August 07, 2023

Alcoa reaffirms its commitment to modernise its mining approvals

Aluminium producer Alcoa has reaffirmed its commitment to modernise the approvals framework for its bauxite mining in Western Australia as the State’s Environmental Protection Authority (EPA) seeks public comment on the matter.

The EPA today opened a public comment period on whether it should conduct an environmental impact assessment into parts of Alcoa’s current and next rolling five-year plans for its mines in the south-west of WA. The plans were referred to the EPA for assessment by a third party in February.

Following public consultation, the EPA will decide whether to conduct an assessment into parts of these mine plans – known as the 2022-2026 and 2023-2027 Mining and Management Programs (MMPs) – and, if so, at what level. There is no set timeframe for the EPA’s determination.

Alcoa Australia President Matt Reed said the public comment period, which closes on 15 August, was an important step forward in the EPA process and therefore gaining clarity on the Company’s WA bauxite mining.

“Our utmost focus remains on securing certainty for our current and future bauxite mining operations. We firmly believe we can continue to operate safely and responsibly under both our existing robust statutory approvals framework set under our WA State Agreements and the more contemporary EPA approvals framework we are committed to transitioning to over a reasonable timeframe,” Mr Reed said.

The annual MMP review process involves expert input by a host of government departments and agencies, and approval by the Minister for State Development in consultation with other ministers.

Mr Reed said Alcoa’s referral in 2020 of its next major Huntly mine regions – Myara North and Holyoake – for EPA environmental impact assessment was a demonstration of the Company’s commitment to modernising its approvals framework.

“There must be a reasonable transition period during which we will continue to work collaboratively with various stakeholders and regulators to meet evolving requirements and expectations,” Mr Reed said.

“We are increasing controls to protect drinking water, stepping up mine site rehabilitation and enhancing the management of social impacts including recently announced no mining zones around the towns of Dwellingup and Jarrahdale.

“We are proud of our environmental track record and economic and social contributions to WA over the last 60 years and firmly believe we can continue to operate safely and responsibly.”

Alcoa continues to mine lower grade bauxite at the Huntly mine in areas approved under the existing statutory approvals process to extend ore supply. Given the uncertainty of an EPA assessment decision, if any, and the potential impacts on its mining and refining operations, the Company is currently unable to estimate the financial impact of a potential EPA assessment.
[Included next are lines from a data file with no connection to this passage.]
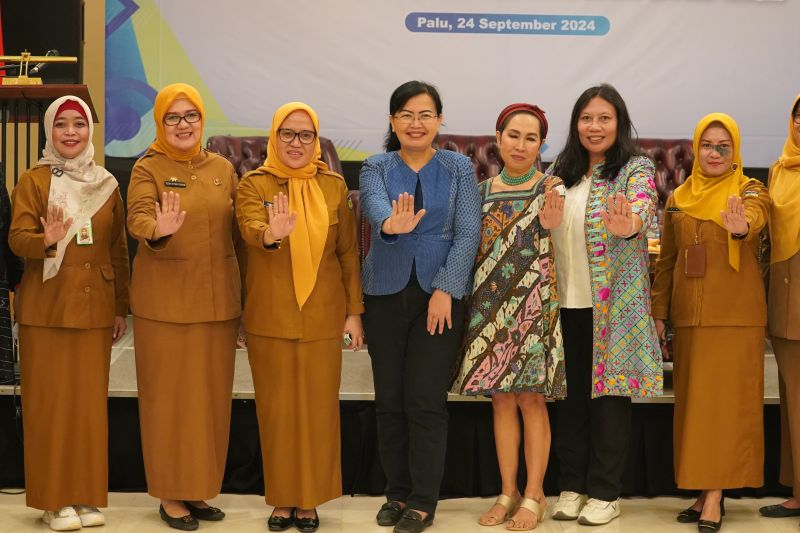 Sekretaris Daerah (Sekda) Kota Palu Irmayanti Petalolo (ke empat kiri) bersama pejabat KemenPPPA dan UNFPA serta pejabat Pemda lainnya menunjukkan salam stop kekerasan pada kegiatan advokasi dan koordinasi layanan PPA di Kota Palu dan Kabupaten Sigi, berlangsung di Palu, Selasa (24/9/2024). ANTARA/Humas Pemkot Palu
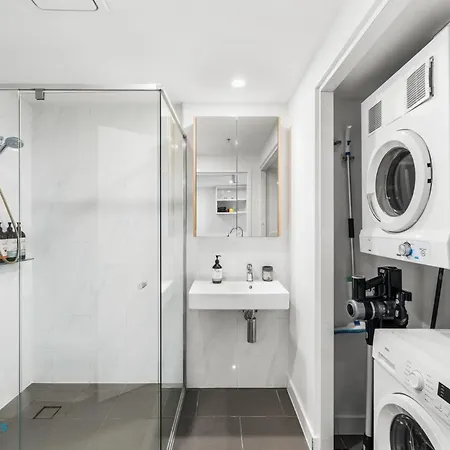 South Brisbane Unit With Parking And Pool Brisbane
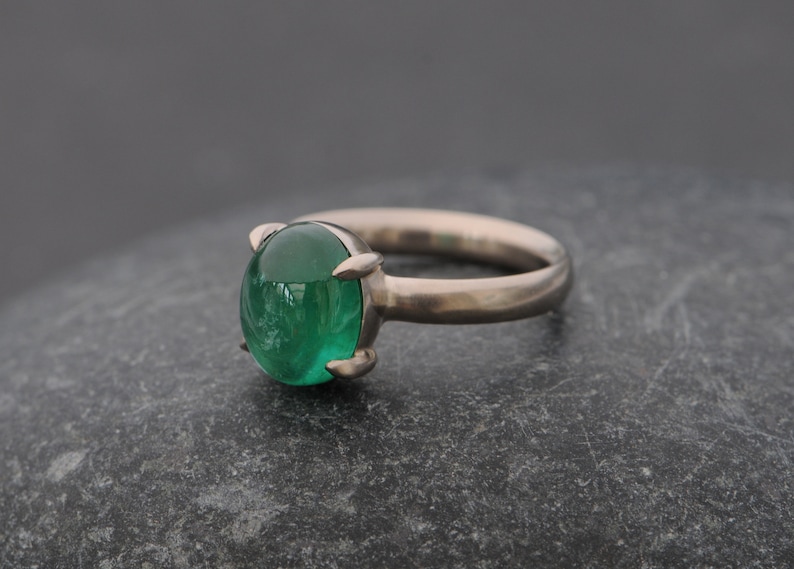 Big Emerald Cabochon Ring in 18K Gold, Emerald Statement Ring, Gift for Her image 5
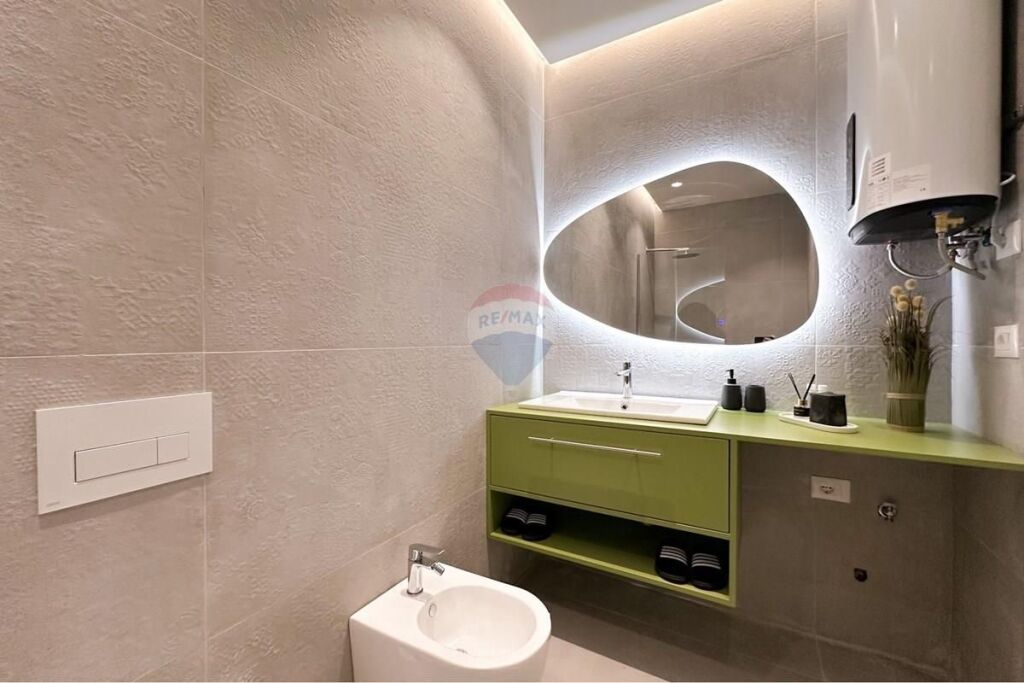 Luxury 2+1 Apartment for Sale in Astir!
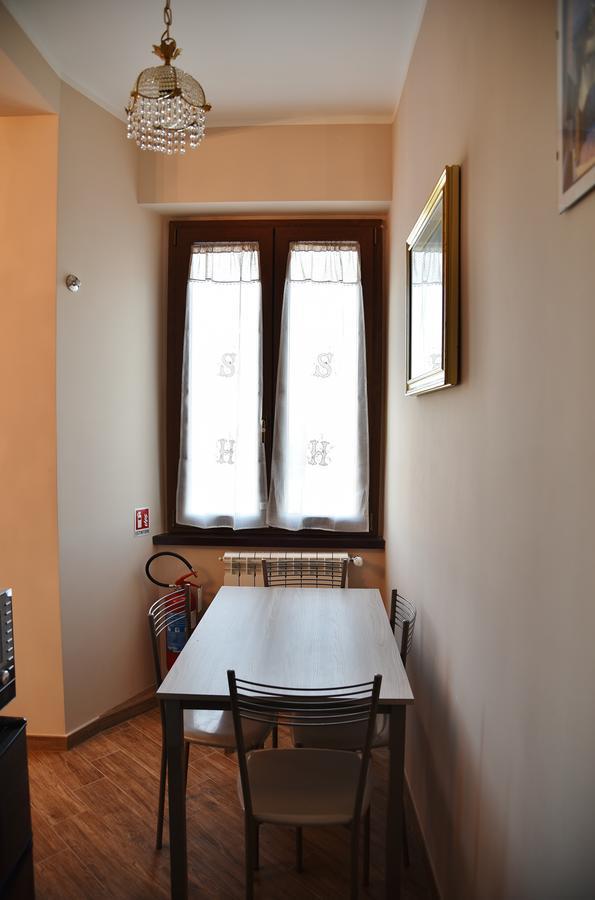 Fabio Guest House Deluxe Рим Екстер'єр фото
Alcoa’s two bauxite mines supply the Company’s three alumina refineries in WA. Combined, these operations employ about 4,300 people in the State and produce about 50 per cent of Australia’s alumina, the feedstock for aluminium, which is an increasingly important element in a world working to further decarbonise.

In 2022, Alcoa paid about $700 million in wages and benefits in WA and spent $1.7 billion with some 920 local businesses.